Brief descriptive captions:
..........

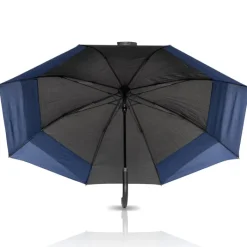 Gift Campaign Ombrello da 29'' in pongee 190T nero con interno colorato Ø132> Ombrelli Da Golf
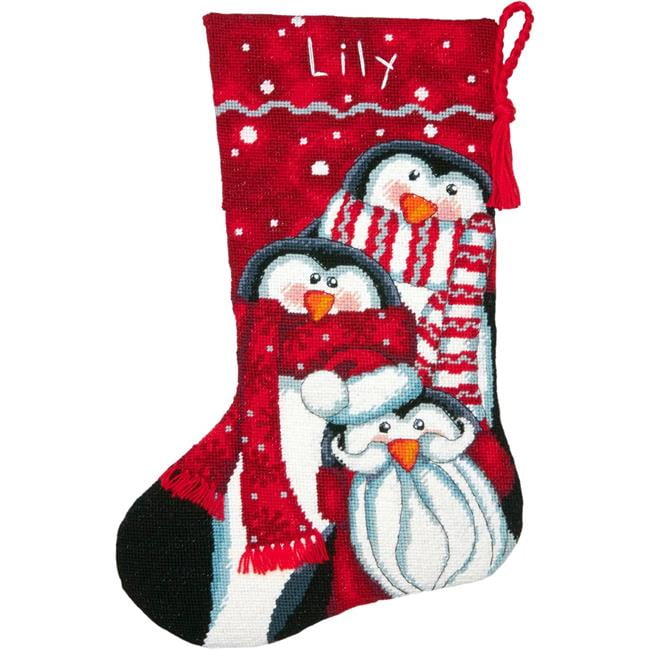 12 Mesh Canvas 16 Long Dimensions Fuzzy Penguin 71-09160 Needlepoint DIY Christmas Stocking 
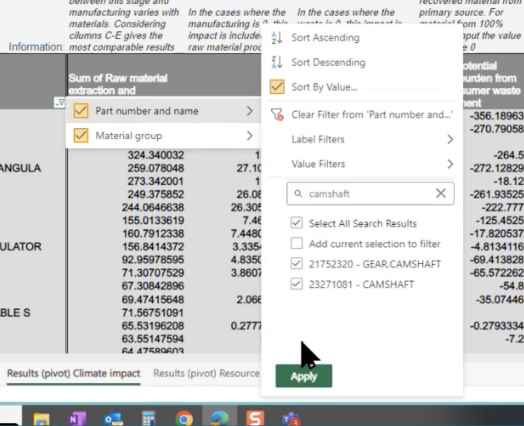 Original Excel capture from the System level dashboard section of the research map: an engineer searches a part-number filter to find climate-impact data.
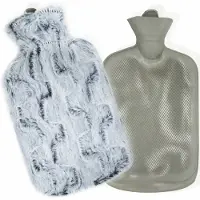 Tragar warmwaterkruik kruik met polyester hoes 2 liter 34 x 20 x 2 cm grijs - pluizig en zachte hoes - natuurlijk rubber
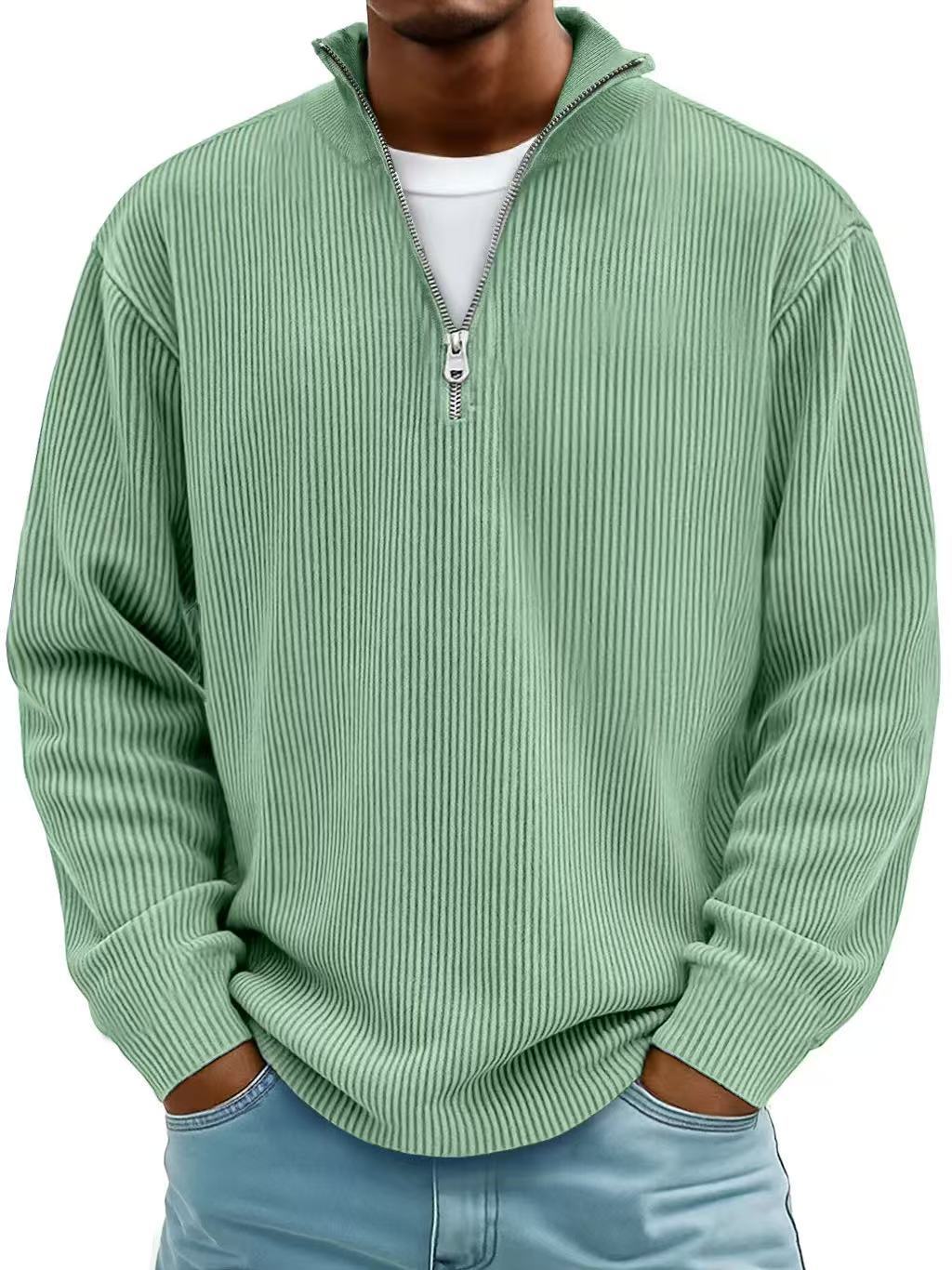 Men’s Corduroy Zipper Stand Collar Sweatshirt – Solid Color Long Sleeve Top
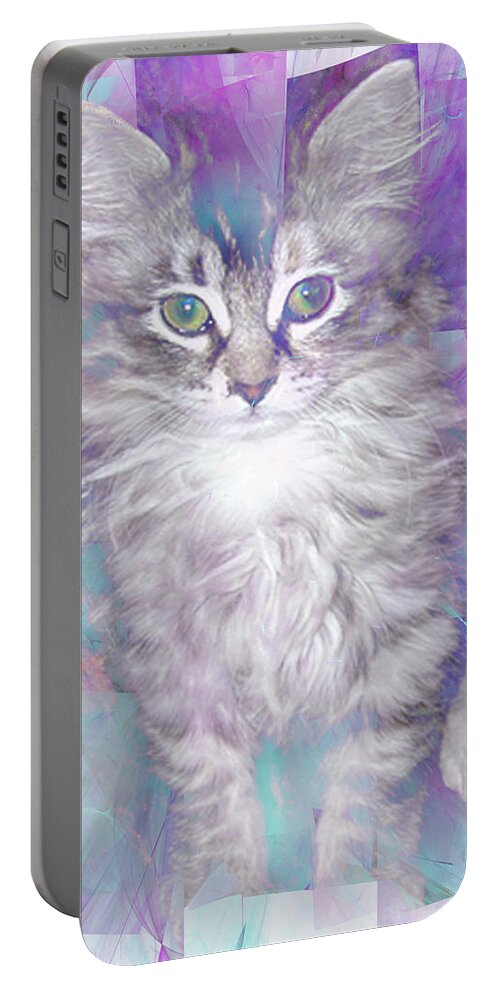 Fur Ball Portable Battery Charger featuring the digital art Fur Ball by Studio B Prints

..........

Problem details:
All of the records above should be returned exactly, though the pictures should not.

Task result:
 Gift Campaign Ombrello da 29'' in pongee 190T nero con interno colorato Ø132> Ombrelli Da Golf
 12 Mesh Canvas 16 Long Dimensions Fuzzy Penguin 71-09160 Needlepoint DIY Christmas Stocking 
 Original Excel capture from the System level dashboard section of the research map: an engineer searches a part-number filter to find climate-impact data.
 Tragar warmwaterkruik kruik met polyester hoes 2 liter 34 x 20 x 2 cm grijs - pluizig en zachte hoes - natuurlijk rubber
 Men’s Corduroy Zipper Stand Collar Sweatshirt – Solid Color Long Sleeve Top
 Fur Ball Portable Battery Charger featuring the digital art Fur Ball by Studio B Prints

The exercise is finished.